All these if’s that call panic() can be avoided by using hard-coded values at build-time.

If the image is hard-coded, you won’t be able to easily (not that easy, actually) customize the boot logo. But remember that this logo is only display for a short time only when the device reset (manually or during an OTA).

Why not add OTA functionality to the bootloader?

This is exactly how the NRF bootloader/SoftDevice works: the bootloader is a standalone firmware that provides OTA functionality thanks to the SoftDevice. The downside is that the BLE stack needed to provide OTA is quite big and uses a lot of space in flash memory (~124kB according to the documentation). This is roughly 1/4 of the available space in the internal flash memory.

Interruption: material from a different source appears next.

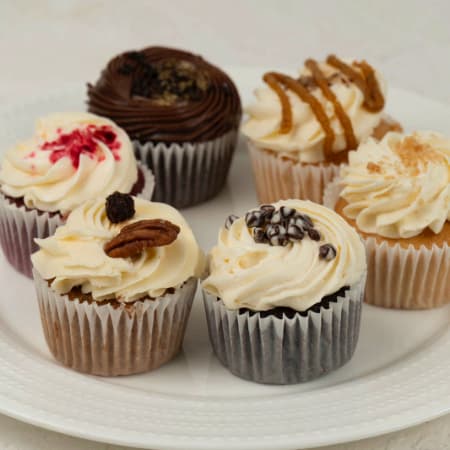 CAJA DE CUPCAKES VARIADO
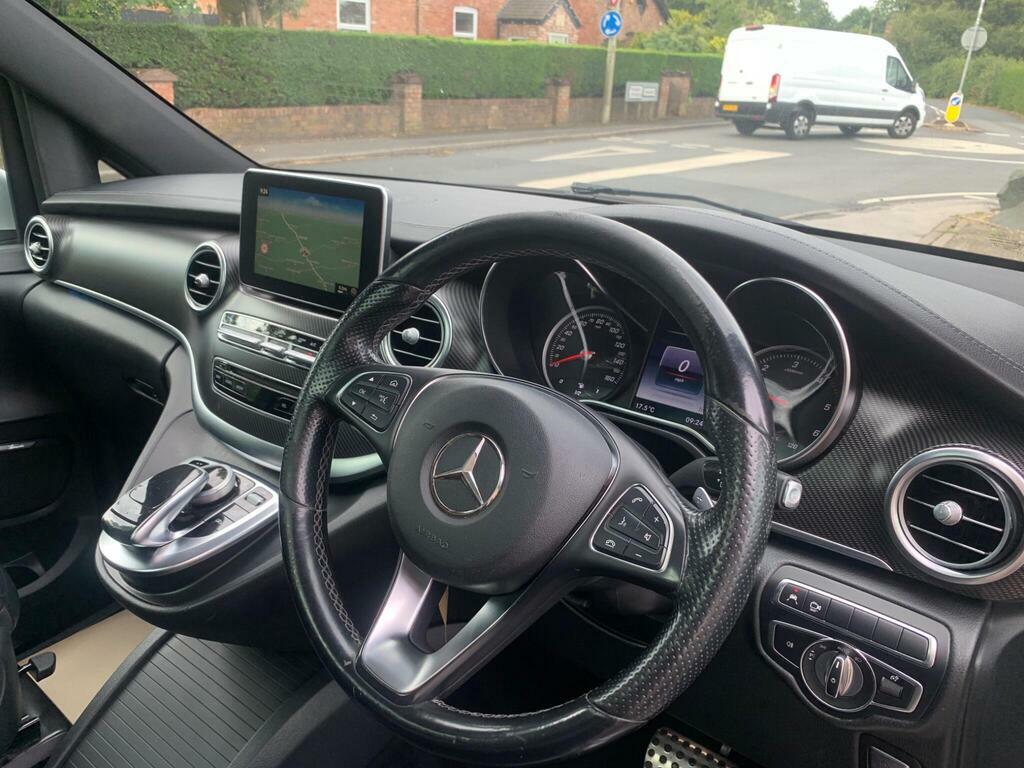 Mercedes-Benz V Class 2.2 V250d Amg Line Mpv G Tronic Plus Eu White #17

Firmware based on the NRF SoftDevice share the BLE stack with the bootloader, it is mutualised between both entities. The downside of this design is that firmwares developers are somewhat forced to use the NRF BLE stack. If they want to integrate another BLE stacak (NimBLE for example), these 120kB used by the SoftDevice would be wasted.

That’s why we decided to make the MCUBoot bootloader a simple bootloader without OTA functionality. It’s very lighweight (less than 20kB) and leaves the developers the right to choose the BLE stack they want.

Fixed vs dynamic memory map

A dynamic memory map, using a partition stored in a fixed place (at the beginning of the external flash, for example) would allow different firmware to customize the partition table, image sizes and use the memory for efficiently.

But it has the downside to add complexity and code that could fail.